AI plagiarism again
Along with concerns about hallucinations and learned bias, there's increasing evidence that generative AI systems sometimes commit what would obviously be plagiarim if a human did it. One particularly striking example is discussed in a recent article by Randall Lane, editor of Forbes Magazine: "Why Perplexity’s Cynical Theft Represents Everything That Could Go Wrong With AI", 6/11/2024:
For most of this year, two of our best journalists, Sarah Emerson and Rich Nieva, have been reporting on former Google CEO Eric Schmidt’s secretive drone project, including a June 6 story detailing the company’s ongoing testing in Silicon Valley suburb Menlo Park as well as the frontlines of Ukraine.

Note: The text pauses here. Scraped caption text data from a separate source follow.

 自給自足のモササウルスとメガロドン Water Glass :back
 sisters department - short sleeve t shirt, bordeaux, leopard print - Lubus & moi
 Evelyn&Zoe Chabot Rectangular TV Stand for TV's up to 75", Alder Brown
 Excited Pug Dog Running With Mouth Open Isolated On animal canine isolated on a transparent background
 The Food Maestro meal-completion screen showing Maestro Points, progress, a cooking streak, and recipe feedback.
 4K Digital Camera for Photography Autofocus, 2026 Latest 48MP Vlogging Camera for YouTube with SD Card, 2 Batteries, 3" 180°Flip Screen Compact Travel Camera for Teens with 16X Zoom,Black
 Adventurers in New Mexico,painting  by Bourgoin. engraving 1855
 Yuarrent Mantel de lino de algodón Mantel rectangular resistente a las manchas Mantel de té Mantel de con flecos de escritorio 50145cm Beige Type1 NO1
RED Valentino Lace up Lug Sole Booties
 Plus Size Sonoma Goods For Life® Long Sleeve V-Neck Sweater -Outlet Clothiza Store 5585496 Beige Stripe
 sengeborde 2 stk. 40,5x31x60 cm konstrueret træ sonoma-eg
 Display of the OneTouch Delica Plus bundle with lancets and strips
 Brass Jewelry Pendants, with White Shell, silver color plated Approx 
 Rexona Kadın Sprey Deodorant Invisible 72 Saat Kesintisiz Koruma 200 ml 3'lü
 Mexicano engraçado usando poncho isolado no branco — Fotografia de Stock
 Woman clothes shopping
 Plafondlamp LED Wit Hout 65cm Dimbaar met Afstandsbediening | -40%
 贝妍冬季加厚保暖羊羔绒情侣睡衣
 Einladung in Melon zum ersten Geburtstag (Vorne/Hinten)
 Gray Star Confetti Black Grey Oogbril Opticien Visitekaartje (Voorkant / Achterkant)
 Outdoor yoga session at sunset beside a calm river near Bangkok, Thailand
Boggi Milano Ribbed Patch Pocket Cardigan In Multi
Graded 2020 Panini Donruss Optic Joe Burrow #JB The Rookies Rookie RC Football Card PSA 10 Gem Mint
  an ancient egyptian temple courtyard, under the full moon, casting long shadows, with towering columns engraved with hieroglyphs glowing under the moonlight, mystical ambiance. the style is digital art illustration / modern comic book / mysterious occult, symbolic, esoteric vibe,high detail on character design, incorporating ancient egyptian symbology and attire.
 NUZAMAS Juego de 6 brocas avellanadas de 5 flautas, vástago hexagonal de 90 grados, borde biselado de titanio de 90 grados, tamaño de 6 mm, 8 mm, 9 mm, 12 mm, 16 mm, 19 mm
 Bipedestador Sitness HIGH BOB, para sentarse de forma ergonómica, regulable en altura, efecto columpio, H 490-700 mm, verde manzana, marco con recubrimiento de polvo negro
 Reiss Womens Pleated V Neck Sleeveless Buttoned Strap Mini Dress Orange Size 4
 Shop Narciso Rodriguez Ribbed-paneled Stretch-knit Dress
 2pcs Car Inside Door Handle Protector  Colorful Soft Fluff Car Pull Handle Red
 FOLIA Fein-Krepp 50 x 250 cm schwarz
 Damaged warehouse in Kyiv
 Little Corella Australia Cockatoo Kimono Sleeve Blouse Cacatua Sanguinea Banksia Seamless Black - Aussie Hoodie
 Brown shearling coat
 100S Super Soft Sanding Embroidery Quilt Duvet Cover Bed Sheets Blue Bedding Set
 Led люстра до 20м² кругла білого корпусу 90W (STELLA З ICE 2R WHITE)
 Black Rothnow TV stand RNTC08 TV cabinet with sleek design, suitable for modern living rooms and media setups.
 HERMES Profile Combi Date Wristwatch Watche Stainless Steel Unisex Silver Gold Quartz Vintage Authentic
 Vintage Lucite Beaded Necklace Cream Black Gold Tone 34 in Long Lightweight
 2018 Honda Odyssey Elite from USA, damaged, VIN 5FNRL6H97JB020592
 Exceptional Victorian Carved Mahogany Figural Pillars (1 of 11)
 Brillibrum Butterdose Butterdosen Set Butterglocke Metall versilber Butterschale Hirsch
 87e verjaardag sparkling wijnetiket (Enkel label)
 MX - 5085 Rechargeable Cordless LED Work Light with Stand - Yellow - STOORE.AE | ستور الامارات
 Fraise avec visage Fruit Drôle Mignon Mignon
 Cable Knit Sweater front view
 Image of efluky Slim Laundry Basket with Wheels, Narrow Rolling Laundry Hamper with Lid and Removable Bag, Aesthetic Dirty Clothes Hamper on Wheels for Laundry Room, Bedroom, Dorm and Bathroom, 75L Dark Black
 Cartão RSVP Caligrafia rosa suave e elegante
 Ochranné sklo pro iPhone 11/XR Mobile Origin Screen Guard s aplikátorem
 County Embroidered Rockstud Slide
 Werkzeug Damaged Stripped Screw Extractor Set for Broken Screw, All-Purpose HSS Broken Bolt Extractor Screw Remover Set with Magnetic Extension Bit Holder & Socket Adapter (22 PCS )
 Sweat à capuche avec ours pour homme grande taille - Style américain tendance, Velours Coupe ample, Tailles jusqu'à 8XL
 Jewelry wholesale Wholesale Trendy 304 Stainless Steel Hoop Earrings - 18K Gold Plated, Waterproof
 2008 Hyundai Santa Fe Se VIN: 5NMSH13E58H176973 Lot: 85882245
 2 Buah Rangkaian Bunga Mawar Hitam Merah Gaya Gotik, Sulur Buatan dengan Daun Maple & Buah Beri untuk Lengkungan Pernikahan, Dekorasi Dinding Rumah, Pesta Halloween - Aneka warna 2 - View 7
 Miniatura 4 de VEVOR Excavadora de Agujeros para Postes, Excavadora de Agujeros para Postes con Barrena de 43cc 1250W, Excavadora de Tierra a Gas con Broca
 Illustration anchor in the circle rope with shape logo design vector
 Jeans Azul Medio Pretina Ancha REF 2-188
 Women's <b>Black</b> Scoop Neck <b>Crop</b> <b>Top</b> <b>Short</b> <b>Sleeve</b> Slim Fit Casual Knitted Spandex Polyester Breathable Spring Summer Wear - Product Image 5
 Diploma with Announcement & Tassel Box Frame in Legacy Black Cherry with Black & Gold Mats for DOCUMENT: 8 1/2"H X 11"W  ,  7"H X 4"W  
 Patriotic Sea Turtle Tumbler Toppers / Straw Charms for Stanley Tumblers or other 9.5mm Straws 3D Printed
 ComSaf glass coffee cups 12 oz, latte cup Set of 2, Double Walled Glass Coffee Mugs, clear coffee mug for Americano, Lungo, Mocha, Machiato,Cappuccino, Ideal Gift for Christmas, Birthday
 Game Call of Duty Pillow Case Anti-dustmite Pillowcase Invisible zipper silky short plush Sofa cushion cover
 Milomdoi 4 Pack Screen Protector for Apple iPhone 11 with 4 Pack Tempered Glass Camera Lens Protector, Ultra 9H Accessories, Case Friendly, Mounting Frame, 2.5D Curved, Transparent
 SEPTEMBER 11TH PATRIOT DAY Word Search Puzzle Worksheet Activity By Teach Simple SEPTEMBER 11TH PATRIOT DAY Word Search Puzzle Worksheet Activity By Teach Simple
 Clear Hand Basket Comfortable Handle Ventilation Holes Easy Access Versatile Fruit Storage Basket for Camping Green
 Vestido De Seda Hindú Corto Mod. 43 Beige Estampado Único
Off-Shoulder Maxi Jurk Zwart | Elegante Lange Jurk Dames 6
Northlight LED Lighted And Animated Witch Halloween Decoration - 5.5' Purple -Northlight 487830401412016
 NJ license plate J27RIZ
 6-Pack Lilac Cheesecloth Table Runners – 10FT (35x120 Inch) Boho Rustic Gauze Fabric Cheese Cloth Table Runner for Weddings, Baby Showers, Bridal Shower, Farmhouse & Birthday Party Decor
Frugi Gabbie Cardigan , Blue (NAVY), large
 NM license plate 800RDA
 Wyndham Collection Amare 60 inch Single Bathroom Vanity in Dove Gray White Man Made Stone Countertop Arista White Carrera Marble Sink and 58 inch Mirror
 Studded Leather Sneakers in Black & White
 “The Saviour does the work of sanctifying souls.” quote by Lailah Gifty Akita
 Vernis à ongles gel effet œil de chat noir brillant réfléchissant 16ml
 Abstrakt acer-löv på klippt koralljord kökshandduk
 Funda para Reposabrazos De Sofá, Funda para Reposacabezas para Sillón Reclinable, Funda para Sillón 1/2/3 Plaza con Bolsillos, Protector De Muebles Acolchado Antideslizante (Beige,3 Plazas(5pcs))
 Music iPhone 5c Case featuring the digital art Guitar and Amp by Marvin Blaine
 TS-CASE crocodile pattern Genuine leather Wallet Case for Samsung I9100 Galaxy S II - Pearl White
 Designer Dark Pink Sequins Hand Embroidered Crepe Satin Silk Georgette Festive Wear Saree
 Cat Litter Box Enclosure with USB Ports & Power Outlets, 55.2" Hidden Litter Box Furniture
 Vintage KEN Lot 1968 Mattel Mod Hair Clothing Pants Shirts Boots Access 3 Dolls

The next day, Perplexity published its own “story,” utilizing a new tool they’ve developed that was extremely similar to Forbes’ proprietary article. Not just summarizing (lots of people do that), but with eerily similar wording, some entirely lifted fragments — and even an illustration from one of Forbes’ previous stories on Schmidt. More egregiously, the post, which looked and read like a piece of journalism, didn’t mention Forbes at all, other than a line at the bottom of every few paragraphs that mentioned “sources,” and a very small icon that looked to be the “F” from the Forbes logo – if you squinted. It also gave similar weight to a “second source” — which was just a summary of the Forbes story from another publication.